AS someone unaccustomed to missing her target, shooter Shona Marshall was devastated to lose out on the chance to compete at the London Olympics.
The Scot had hoped to round off her sporting career with an Olympic appearance followed by a final bow on home turf, at the Glasgow Commonwealth Games. But things didn’t go as planned and, having been pipped for the GB vest, she was relieved to be one of the latest athletes selected for the Scotland team for next year’s Games, which she insists will be her last major competition.
“I was very close [to the 2012 GB team]. I was absolutely devastated when that didn’t happen but then moved on because Glasgow was in the background. I had achieved qualifying standard but lost out in selection procedure and they went for the girl who had been in Beijing. I like to think it was a very tight decision but I don’t like to talk about it.”
But, despite such intense feelings of hurt, anger and disappointment it wasn’t her shotgun she turned to in a bid to let off some steam. Instead, she retreated to the kitchen. “I think I went and kneaded some bread,” she laughs.
She did eventually decide to still travel south as a spectator. “And it was a super venue. It worked really well. I was glad I went to see it. I would have regretted not going but, yes, it was difficult. It was one of those things I had to do and it has made me stronger.”
That added mental strength bodes well for her appearance at the Barry Buddon Shooting Centre near Carnoustie, where the Commonwealth Games medals will be contested. In Delhi in 2010, she won silver in the clay target trap event and, although the standard of competition will again be high, she is desperate to add a gold.
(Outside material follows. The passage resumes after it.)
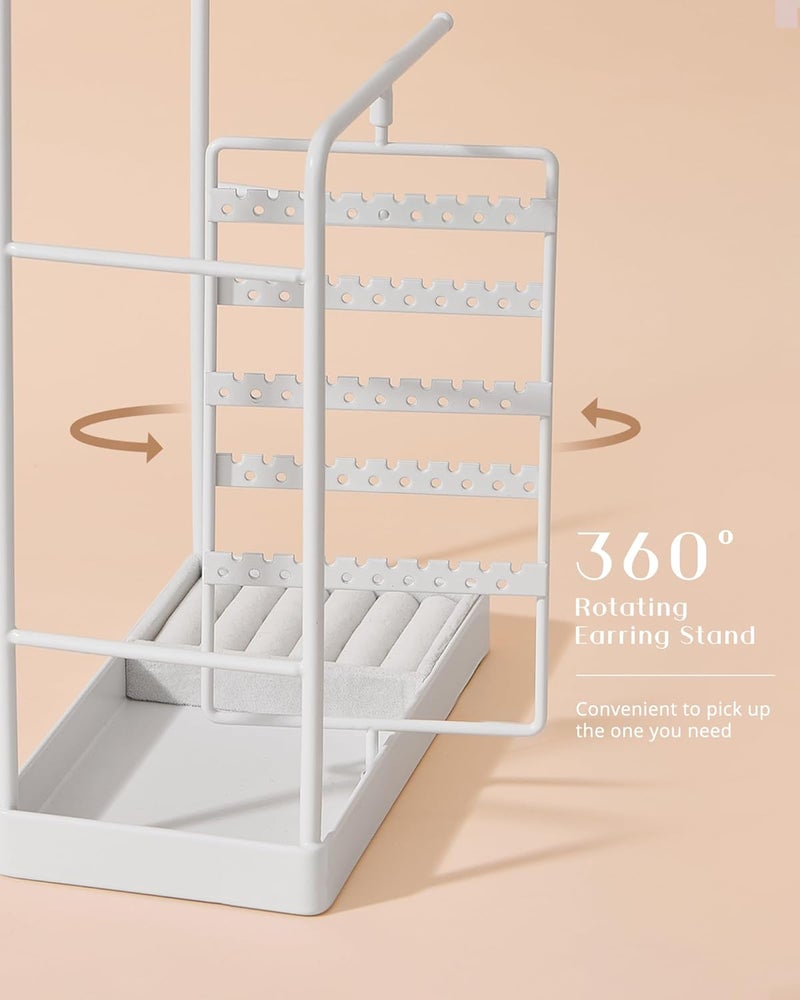 Procase Jewelry Stand Holder Organizer, Jewelry Display Storage with Ring Tray, No-Assembly Needed, Rotating Earring Bracelet Necklace Holder, Christmas Gifts Room Dorm Decor for Teen Girls -White - Image 3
And, while the silver is on display at Marshall’s farm in Alford, Aberdeenshire, she has put off framing that prize, holding out in the hope that she will have another, even more precious bauble to show off alongside it.
“Having won the silver in Delhi, I definitely want to go one better in Glasgow. It is world class level against Australia, India, Canada and the other home nations: it’s a very tough competition. It is nine months away but this really focuses it. [Early selection means] I can target my preparations for next year. There will be World Cups for GB over the next few months but my priority is the Commonwealth Games. Some domestic events that count for selection might coincide with a Grand Prix abroad, where it’s better weather and I feel I’m getting better level of competition, so I can now make that choice and that might be more useful.”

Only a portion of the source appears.